The minister indicated that there would be governance changes in the energy sector. “We need an institutional refresh” to meet Net Zero, he said. He added that Ofgem was conscious that its functions would be affected by fundamental system shocks like Civid-19 or the New Zero target. But Kwarteng also suggested other institutional changes, including an examination of the role of National Grid ESO. The system operator role should be, “perhaps not just associated with electricity” he suggested.
Kwarteng said that there had been a “quickening of pace in the last 18 months”, with the Net Zero agenda now much more widely accepted across society and business. That period had also seen developments including the Net Zero legislation, a new Cabinet subcommittee on climate change and plans for a Sovereign green bond. Talking about key technologies he named green hydrogen – although, “the question is how we can produce hydrogen cleanly,” – and so-called ‘blue’ hydrogen “once we have landed carbon capture and storage”. He pointed out that alongside hydrogen, the Climate Change Committee had said CCUS is a necessity. “We have committed to it twice,” Kwarteng said, and with funding promised in the budget “It’s not a promise we can easily climb down from and I expect to see progress.”

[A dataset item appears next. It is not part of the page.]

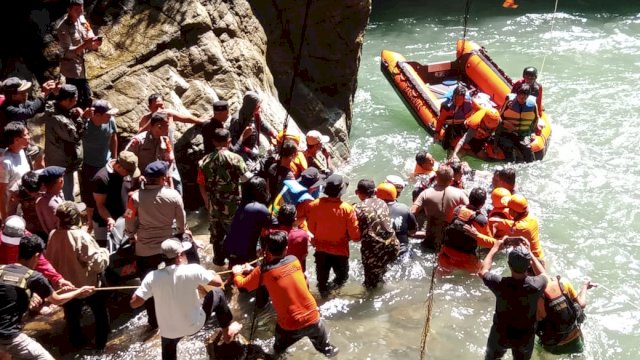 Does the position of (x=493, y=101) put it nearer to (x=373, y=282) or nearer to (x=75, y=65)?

Hydrogen and CCUS, along with dispatchable power, would help maintain security of supply and result in a system that would be cheaper than 100% renewables he said. The mixed power portfolio is also important for maintaining the UK’s skills base, he said.
“At the moment our exports are services, and we are not exporting [for example] wind turbines. That shows the nature of the problem,” he said. The UK needed domestic manufacturing capability so it could build export markets.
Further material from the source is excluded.